Quando procuram uma escola para os filhos, pais e responsáveis buscam muito além de um espaço para o aprendizado: precisam contar com profissionais que auxiliem na condução pedagógica, emocional e física de crianças e adolescentes. Para isso, o papel dos profissionais é fundamental, dispondo de diversas especialidades que atendem às demandas de cada fase e auxiliam com a melhor condução.

Na Educação Infantil e nos Ensinos Fundamental 1, 2 e Médio, o Colégio GGE conta com equipes multidisciplinares que atuam preventiva e pontualmente, dentro e fora de sala de aula. “Essa gama de profissionais nos permite atender a diversas demandas. O professor é essencial, costumo dizer que ele está no palco, e os demais profissionais, nos bastidores. Bastidores, aliás, que são essenciais para dar o suporte necessário”, comenta a diretora pedagógica da Educação Infantil e do Ensino Fundamental 1, Anabelle Veloso. Normalmente, é o professor quem aponta uma necessidade e o profissional específico – nutricionista, psicólogo, fonoaudiólogo – vai dar o suporte que a situação exige.

Gestor pedagógico dos Ensinos Fundamental 2 e Médio do GGE, Tayguara Velozo detalha que as várias especialidades oferecidas pelas equipes são um diferencial para que alunos e famílias sejam bem atendidos. “Essa ‘teia’ atende aos pais, apoia o professor, que é o especialista que está dentro de sala de aula, e tudo visa atender a uma demanda que enriquece a formação do aluno”. Como gestor pedagógico, Velozo é o especialista que conduz o trabalho com toda a equipe. Ao seu lado, o coordenador pedagógico atua nas demandas exclusivas de cada série. Há ainda o setor de psicologia, que acompanha o processo emocional, fundamental para a aprendizagem, e o coordenador formativo. “Este não é tão comum em outras instituições. É exclusivo para cuidar da parte comportamental, disciplinar e da rotina e hábitos dos alunos”, detalha.

Em todas as fases, a escola precisa se manter próxima da família. Para os menores, as reuniões semanais internas servem para discutir casos e trocar informações. “Assim, convidamos os responsáveis e, com eles, decidimos como será a atuação, dentro e fora da sala de aula. O complemento dessas visões é realmente algo muito importante porque a uniformidade dos discursos, na escola e em casa, dá mais segurança à criança”, explica Anabelle.

Para os mais velhos, o trabalho em equipe deve continuar. “Costumamos nos antecipar, não acumular problemas. Às vezes isso gera estranhamento dos pais, que nos questionam: ‘só aconteceu uma vez e vocês já nos chamaram?’, mas defendemos que essa participação é importante, os pais devem ficar a par”, completa Tayguara.
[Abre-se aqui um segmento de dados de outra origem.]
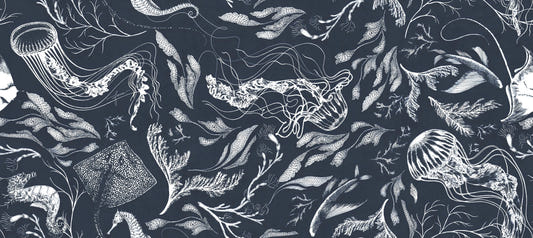 Dark Ocean Marine Life Wallpaper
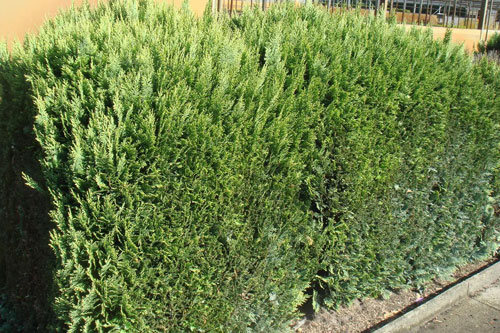 Растение Туя складчатая / Thuja plicata Kornik (S) С12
E o processo inclui o comportamento dos alunos e o desempenho nas atividades escolares. Para este, o plantão pedagógico é a ferramenta aplicada: serve para que os profissionais de ensino apontem os resultados e, se for o caso, sugiram orientações para que eventuais problemas sejam sanados.

Problemas familiares são da escola também

A servidora pública Maria Helena Oliveira se diz 100% satisfeita com a escola que escolheu para os filhos Maria Fernanda e Gustavo, que cursam o 3° e o 5° ano do Ensino Fundamental do Colégio GGE. Segundo a mãe, os profissionais são atentos integralmente aos alunos, um cuidado que vai do aprendizado ao emocional.

Quando as crianças passaram pela separação dos pais, Helena não comunicou à escola, mas a mudança sutil no comportamento de Gustavo chamou atenção da professora, que acionou o setor de psicologia do GGE. “Tenho plena confiança porque a escola sempre deu apoio pedagógico, que foi o primeiro ponto da escolha, mas lá estando, meus filhos receberam um apoio maior. Quando me separei, tive total respaldo da escola”, conta Helena. Detectado o motivo que fez Gustavo mudar de comportamento, a equipe psicopedagógica fez todo o acompanhamento e o menino não precisou de ajudas externas: família e escola deram conta da questão.

Mas os detalhes também contam na satisfação da mãe. “Quando vou deixar meus filhos na escola, vejo que até os porteiros os chamam pelos nomes. A diretora deles está na porta, os recebendo também. Tenho acesso ao dia a dia deles, ao boletim. A escola é 100% presente e eu me sinto 100% segura”, diz a mãe de Maria Fernanda e Gustavo.